Guardian readers and Sam Jordison 

Tips, links and suggestions: what are you reading this week?

Your space to discuss the books you are reading and what you think of them
  
  

Circe by Madeline Miller

Welcome to this week’s blogpost. Here’s our roundup of your comments and photos from the last week.

First, scarletnoir has discovered Unknown Man No. 89, by Elmore Leonard:

A name I have known for a long time, but oddly never got around to reading. I believe that I may have been prompted by a comment from one of you, and if so - many thanks. This is an excellent and tightly plotted hard-boiled tale, set in Detroit, with our protagonist a process server with a talent for finding people. I won’t say any more to avoid spoilers, except that, rather unexpectedly, the story also contains a convincing description of what early love feels like. Unexpectedly sensitive and intelligent, in what is mainly a fast-paced crime caper. Top stuff.

“Readers, I did it again,” says booklooker, “I peeked at the ending of a detective novel. This time, I have just finished reading Tana French’s Faithful Place”:

Would recommend it for any fans of well-written detective fiction.
French’s observations of human character and family dynamics are apt, concise and occasionally even funny.
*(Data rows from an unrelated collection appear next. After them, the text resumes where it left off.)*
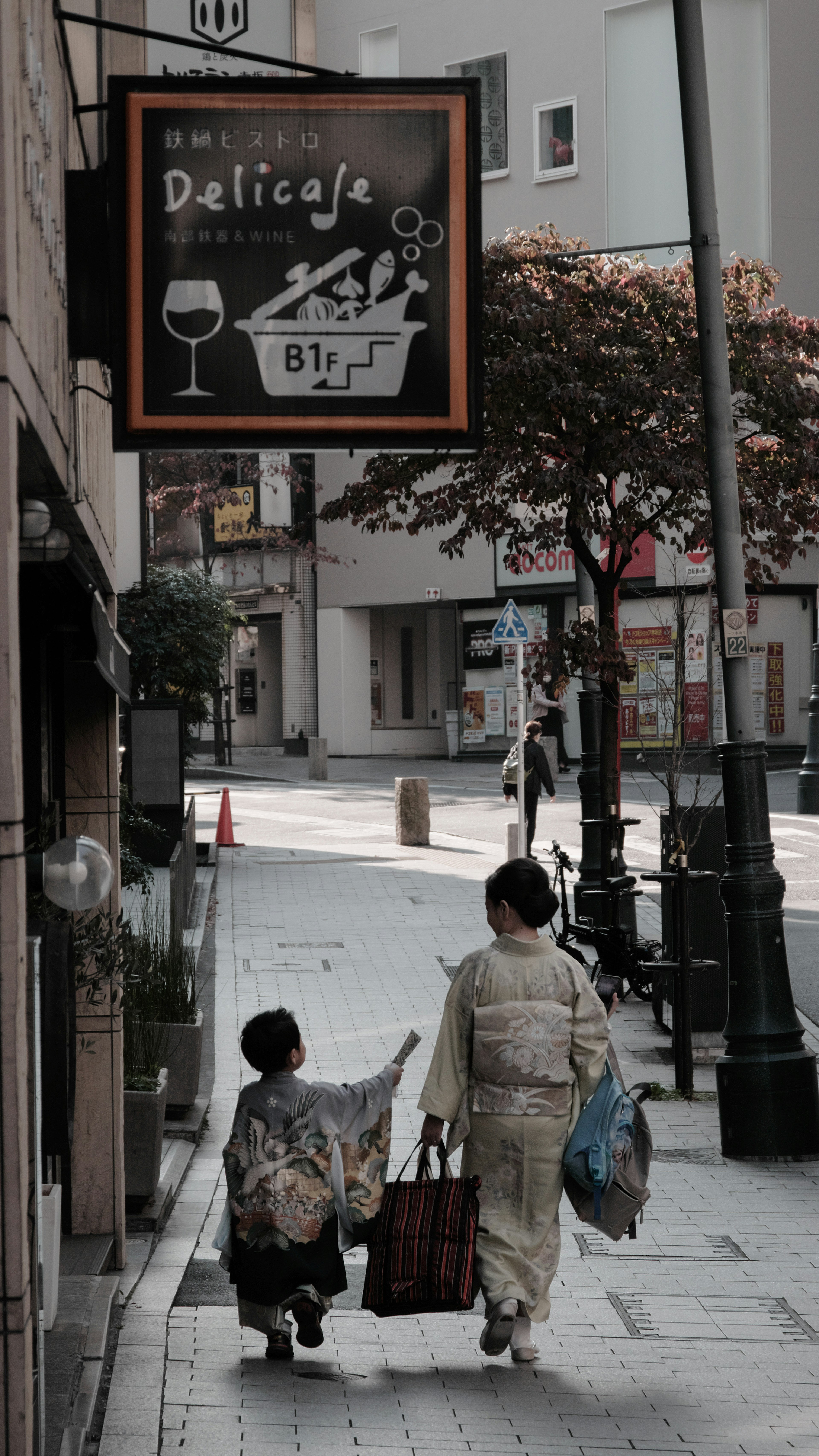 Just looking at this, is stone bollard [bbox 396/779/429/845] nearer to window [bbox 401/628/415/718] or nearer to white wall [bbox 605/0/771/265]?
white wall [bbox 605/0/771/265]

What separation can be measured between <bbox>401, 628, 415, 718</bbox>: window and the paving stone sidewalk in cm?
3323

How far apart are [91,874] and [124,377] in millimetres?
1448

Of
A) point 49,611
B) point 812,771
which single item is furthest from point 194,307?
point 812,771

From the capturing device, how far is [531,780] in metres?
20.1

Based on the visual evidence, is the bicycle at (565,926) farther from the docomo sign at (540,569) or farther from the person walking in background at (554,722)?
the docomo sign at (540,569)

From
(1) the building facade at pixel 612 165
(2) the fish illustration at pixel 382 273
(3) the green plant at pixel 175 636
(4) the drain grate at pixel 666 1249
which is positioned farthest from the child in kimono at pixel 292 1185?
(1) the building facade at pixel 612 165

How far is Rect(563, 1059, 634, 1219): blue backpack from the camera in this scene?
499 cm

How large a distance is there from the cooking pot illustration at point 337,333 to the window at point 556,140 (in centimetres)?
3159

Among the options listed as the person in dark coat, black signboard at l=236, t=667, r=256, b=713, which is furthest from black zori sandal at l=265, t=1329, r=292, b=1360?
black signboard at l=236, t=667, r=256, b=713

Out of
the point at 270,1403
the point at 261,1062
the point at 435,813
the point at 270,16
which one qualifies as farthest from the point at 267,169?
the point at 435,813

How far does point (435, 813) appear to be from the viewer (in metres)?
25.6

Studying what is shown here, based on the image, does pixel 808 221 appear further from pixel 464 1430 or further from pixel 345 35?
pixel 464 1430

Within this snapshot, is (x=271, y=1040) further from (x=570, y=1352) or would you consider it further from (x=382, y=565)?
(x=382, y=565)

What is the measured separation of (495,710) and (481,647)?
1.53m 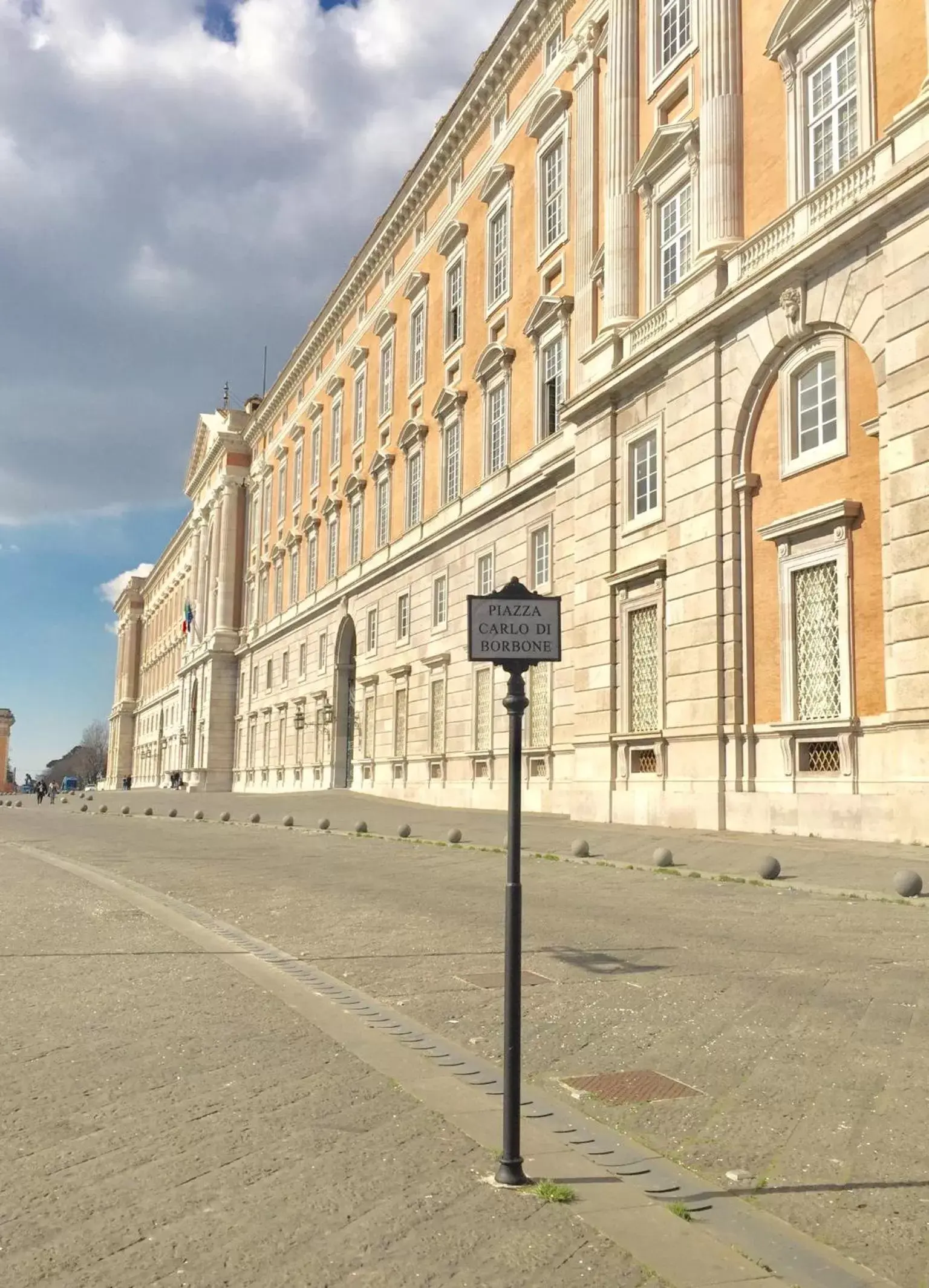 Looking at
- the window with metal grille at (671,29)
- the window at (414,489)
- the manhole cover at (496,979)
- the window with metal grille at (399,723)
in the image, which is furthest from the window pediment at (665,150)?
the window with metal grille at (399,723)

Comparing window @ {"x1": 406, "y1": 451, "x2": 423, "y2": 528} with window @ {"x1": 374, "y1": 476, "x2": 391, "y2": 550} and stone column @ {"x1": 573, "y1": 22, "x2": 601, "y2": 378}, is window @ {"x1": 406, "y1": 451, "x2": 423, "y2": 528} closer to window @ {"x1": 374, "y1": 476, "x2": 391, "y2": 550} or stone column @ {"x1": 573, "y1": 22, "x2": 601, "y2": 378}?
window @ {"x1": 374, "y1": 476, "x2": 391, "y2": 550}

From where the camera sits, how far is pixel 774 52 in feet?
69.9

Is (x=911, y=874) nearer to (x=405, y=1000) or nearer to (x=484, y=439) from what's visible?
(x=405, y=1000)

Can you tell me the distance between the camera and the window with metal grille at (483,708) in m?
33.3

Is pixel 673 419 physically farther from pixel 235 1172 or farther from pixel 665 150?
pixel 235 1172

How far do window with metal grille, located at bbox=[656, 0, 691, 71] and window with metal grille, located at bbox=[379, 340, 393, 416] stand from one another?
69.7 feet

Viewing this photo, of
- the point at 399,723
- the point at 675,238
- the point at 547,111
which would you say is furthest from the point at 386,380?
the point at 675,238

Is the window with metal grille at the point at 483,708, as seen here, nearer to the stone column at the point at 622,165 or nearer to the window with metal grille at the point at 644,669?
the window with metal grille at the point at 644,669

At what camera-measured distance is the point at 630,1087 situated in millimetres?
5812

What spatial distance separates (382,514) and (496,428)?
11359mm

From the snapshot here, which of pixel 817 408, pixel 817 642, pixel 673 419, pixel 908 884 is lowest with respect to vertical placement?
pixel 908 884

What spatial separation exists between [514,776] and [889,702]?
45.0 ft

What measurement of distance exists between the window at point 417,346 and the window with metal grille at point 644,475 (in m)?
18.3

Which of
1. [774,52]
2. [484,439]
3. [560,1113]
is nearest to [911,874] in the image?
[560,1113] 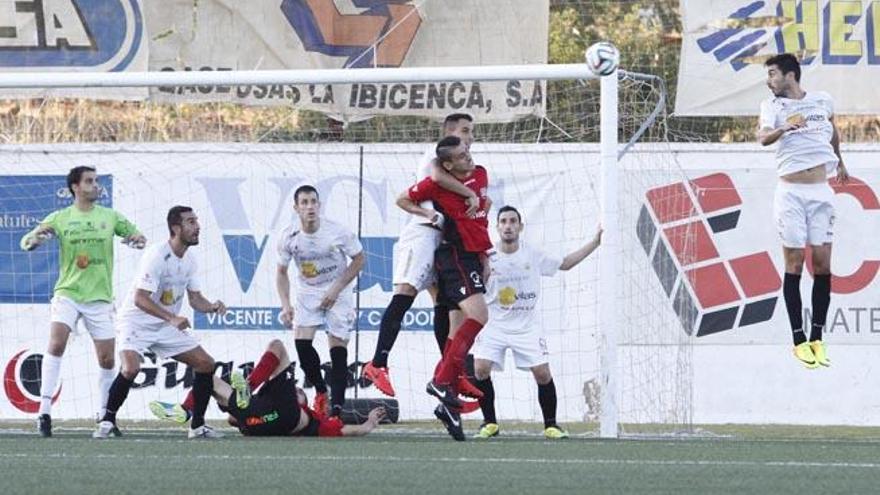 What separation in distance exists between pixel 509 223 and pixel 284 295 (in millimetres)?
1846

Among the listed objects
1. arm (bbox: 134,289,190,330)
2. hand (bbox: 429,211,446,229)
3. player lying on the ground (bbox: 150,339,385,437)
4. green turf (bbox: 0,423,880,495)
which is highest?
hand (bbox: 429,211,446,229)

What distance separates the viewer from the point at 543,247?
1722 centimetres

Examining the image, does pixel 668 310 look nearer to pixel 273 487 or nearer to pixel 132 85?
pixel 132 85

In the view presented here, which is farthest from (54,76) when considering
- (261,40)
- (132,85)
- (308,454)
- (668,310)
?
(668,310)

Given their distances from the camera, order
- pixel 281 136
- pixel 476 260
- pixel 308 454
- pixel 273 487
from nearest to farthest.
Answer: pixel 273 487
pixel 308 454
pixel 476 260
pixel 281 136

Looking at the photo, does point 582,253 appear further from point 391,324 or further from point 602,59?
point 391,324

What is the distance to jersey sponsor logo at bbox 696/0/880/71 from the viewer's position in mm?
17359

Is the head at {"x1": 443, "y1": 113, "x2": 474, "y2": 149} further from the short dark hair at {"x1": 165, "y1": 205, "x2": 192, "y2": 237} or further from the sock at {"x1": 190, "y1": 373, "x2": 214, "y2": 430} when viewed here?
the sock at {"x1": 190, "y1": 373, "x2": 214, "y2": 430}

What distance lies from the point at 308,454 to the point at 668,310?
7.43 metres

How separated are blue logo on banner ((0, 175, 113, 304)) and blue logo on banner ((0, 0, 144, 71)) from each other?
1207 mm

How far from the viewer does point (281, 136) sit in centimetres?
1911

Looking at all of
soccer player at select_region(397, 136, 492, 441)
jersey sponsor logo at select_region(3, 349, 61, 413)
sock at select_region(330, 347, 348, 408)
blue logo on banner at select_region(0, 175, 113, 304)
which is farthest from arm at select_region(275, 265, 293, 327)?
jersey sponsor logo at select_region(3, 349, 61, 413)

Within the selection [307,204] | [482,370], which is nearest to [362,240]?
[307,204]

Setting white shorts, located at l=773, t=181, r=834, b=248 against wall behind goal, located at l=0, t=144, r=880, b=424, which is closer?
white shorts, located at l=773, t=181, r=834, b=248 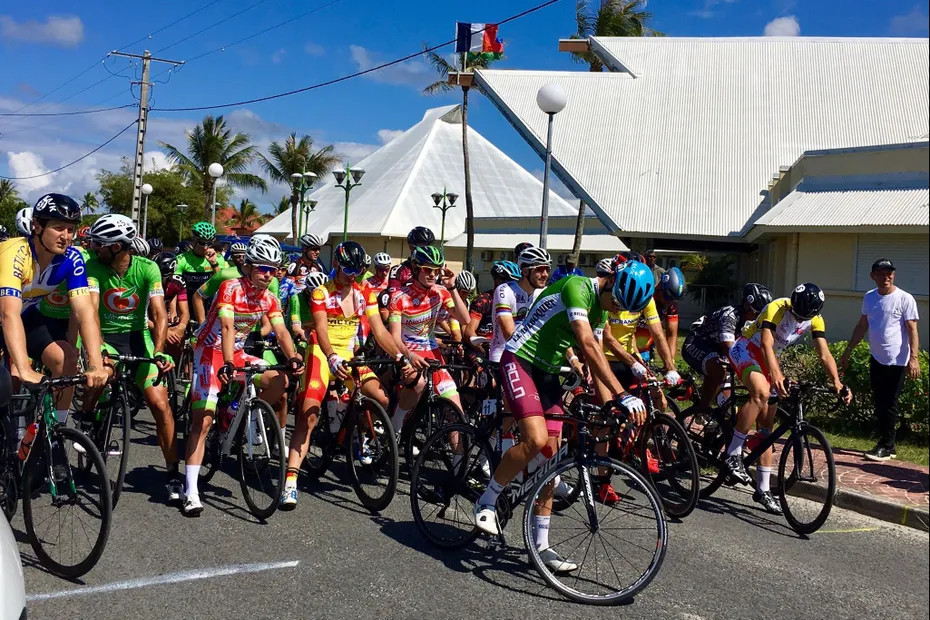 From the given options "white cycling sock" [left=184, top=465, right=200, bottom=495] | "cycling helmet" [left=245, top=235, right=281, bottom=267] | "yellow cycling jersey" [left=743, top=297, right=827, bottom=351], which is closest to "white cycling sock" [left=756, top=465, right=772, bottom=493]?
"yellow cycling jersey" [left=743, top=297, right=827, bottom=351]

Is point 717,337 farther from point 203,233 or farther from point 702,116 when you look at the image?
point 702,116

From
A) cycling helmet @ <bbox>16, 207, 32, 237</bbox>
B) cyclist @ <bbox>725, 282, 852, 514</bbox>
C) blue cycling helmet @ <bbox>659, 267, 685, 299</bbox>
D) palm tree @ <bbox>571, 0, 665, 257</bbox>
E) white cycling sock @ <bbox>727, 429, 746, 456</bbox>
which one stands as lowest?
white cycling sock @ <bbox>727, 429, 746, 456</bbox>

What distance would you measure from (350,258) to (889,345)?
18.8 feet

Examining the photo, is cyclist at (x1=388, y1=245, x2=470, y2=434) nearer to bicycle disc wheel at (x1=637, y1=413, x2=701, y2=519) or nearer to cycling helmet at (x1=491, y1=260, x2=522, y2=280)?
cycling helmet at (x1=491, y1=260, x2=522, y2=280)

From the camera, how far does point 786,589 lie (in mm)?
5262

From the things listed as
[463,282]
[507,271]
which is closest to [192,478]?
[507,271]

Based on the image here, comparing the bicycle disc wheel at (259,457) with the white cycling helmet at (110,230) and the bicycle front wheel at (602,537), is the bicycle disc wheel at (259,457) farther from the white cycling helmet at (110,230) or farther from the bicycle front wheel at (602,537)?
the bicycle front wheel at (602,537)

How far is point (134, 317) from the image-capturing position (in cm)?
705

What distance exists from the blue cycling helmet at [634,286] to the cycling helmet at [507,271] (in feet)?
13.1

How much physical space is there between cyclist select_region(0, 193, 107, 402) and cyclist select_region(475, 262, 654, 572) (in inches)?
95.6

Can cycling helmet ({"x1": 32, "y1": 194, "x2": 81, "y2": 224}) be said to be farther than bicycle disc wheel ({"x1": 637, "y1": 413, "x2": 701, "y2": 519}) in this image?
No

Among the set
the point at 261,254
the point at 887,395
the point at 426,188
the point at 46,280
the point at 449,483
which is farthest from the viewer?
the point at 426,188

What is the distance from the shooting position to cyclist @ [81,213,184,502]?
21.8 feet

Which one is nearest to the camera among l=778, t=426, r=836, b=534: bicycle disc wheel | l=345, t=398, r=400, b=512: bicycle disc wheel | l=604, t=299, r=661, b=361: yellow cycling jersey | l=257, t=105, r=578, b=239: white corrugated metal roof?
l=345, t=398, r=400, b=512: bicycle disc wheel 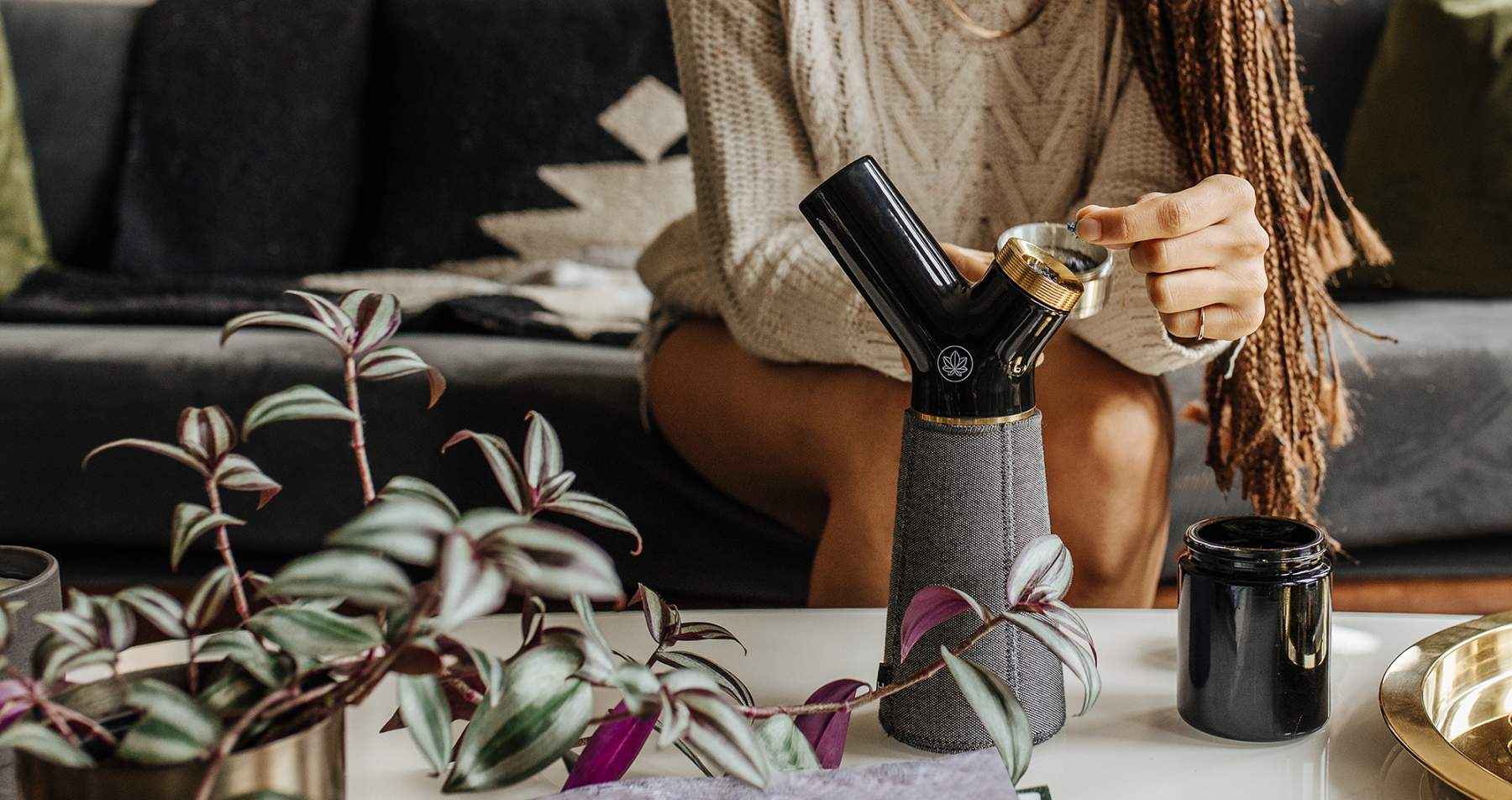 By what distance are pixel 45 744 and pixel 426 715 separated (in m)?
0.10

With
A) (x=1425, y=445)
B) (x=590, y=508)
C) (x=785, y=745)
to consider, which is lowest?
(x=1425, y=445)

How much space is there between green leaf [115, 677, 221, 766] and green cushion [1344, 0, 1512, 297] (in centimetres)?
157

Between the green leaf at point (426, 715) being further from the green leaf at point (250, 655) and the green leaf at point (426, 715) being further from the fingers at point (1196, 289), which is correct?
the fingers at point (1196, 289)

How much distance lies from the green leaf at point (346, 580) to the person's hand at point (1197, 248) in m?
0.40

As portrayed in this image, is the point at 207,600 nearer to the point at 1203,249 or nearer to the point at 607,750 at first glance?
the point at 607,750

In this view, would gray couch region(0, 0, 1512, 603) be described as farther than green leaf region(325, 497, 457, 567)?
Yes

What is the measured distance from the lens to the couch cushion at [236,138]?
1.84 m

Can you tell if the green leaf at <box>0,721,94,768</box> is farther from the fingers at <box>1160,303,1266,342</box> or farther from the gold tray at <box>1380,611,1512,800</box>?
the fingers at <box>1160,303,1266,342</box>

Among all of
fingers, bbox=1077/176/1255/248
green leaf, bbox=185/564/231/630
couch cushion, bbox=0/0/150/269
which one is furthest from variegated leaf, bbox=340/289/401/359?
couch cushion, bbox=0/0/150/269

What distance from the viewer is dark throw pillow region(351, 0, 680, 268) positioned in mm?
1783

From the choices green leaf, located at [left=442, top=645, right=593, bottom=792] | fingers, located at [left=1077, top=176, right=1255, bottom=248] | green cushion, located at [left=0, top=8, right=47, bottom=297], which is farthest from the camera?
green cushion, located at [left=0, top=8, right=47, bottom=297]

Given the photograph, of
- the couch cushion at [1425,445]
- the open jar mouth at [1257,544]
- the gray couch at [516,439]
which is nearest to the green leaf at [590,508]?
the open jar mouth at [1257,544]

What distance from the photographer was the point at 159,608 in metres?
0.35

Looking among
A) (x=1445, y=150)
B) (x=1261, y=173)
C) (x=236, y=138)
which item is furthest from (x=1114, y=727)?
(x=236, y=138) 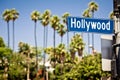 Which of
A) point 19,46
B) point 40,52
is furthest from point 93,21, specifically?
point 40,52

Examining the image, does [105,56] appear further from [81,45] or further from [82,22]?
[81,45]

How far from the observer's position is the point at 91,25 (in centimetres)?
812

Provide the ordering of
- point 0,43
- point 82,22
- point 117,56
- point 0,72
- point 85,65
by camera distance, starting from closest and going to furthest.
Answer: point 117,56
point 82,22
point 85,65
point 0,72
point 0,43

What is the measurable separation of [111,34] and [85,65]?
1905 inches

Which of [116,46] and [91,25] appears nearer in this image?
[116,46]

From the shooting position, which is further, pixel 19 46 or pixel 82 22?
pixel 19 46

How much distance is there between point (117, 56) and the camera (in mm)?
7508

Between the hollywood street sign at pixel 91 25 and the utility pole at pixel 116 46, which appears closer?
the utility pole at pixel 116 46

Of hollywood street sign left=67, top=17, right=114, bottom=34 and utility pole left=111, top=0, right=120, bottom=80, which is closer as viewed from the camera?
utility pole left=111, top=0, right=120, bottom=80

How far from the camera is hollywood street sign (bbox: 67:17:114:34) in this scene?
7.93m

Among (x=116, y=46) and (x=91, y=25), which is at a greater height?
(x=91, y=25)

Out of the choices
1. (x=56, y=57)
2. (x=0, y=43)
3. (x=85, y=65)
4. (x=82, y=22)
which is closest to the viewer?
(x=82, y=22)

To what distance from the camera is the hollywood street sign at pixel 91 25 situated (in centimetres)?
793

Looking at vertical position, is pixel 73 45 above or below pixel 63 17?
below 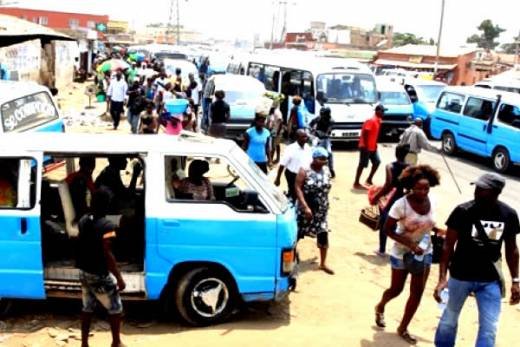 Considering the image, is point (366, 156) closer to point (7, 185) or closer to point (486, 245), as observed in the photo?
point (486, 245)

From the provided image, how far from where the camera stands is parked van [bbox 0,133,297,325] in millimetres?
5680

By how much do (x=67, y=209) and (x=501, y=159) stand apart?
11.7 meters

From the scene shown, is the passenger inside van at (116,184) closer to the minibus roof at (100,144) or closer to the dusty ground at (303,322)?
the minibus roof at (100,144)

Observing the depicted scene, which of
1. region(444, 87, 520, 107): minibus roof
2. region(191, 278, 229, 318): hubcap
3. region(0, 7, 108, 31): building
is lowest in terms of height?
region(191, 278, 229, 318): hubcap

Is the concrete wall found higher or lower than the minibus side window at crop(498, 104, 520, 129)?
higher

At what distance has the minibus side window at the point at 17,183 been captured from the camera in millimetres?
5672

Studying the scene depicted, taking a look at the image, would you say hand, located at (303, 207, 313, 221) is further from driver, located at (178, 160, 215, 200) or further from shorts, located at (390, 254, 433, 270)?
shorts, located at (390, 254, 433, 270)

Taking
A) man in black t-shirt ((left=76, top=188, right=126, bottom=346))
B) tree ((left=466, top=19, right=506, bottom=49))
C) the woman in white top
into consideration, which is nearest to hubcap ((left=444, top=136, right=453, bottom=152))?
the woman in white top

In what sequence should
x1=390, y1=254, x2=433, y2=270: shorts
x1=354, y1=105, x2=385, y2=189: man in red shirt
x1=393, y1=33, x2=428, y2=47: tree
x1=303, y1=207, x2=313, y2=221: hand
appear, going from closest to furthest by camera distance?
x1=390, y1=254, x2=433, y2=270: shorts → x1=303, y1=207, x2=313, y2=221: hand → x1=354, y1=105, x2=385, y2=189: man in red shirt → x1=393, y1=33, x2=428, y2=47: tree

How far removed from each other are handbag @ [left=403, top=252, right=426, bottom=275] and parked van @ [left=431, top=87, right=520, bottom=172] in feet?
32.1

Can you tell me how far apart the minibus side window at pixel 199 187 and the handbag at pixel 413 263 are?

The conflict of loyalty to family and the possibility of a choice of personal autonomy and bettering oneself according to one’s own preferences really spoke to me.

PatLux has “dived into” Earthly Remains, one of Donna Leon’s crime novels set in Venice:

And here we go again - 28 pages in and I have already come across two connections with the current situation...

“...mask over his nose and mouth, hands under his ankles and shoulders, stretcher, ambulance, siren, the calming up and down motion of the water, slow slide into the dock, bumbling about, transfer to a harder surface, the sound of wheels on marble floors as he was rolled through the hospital.”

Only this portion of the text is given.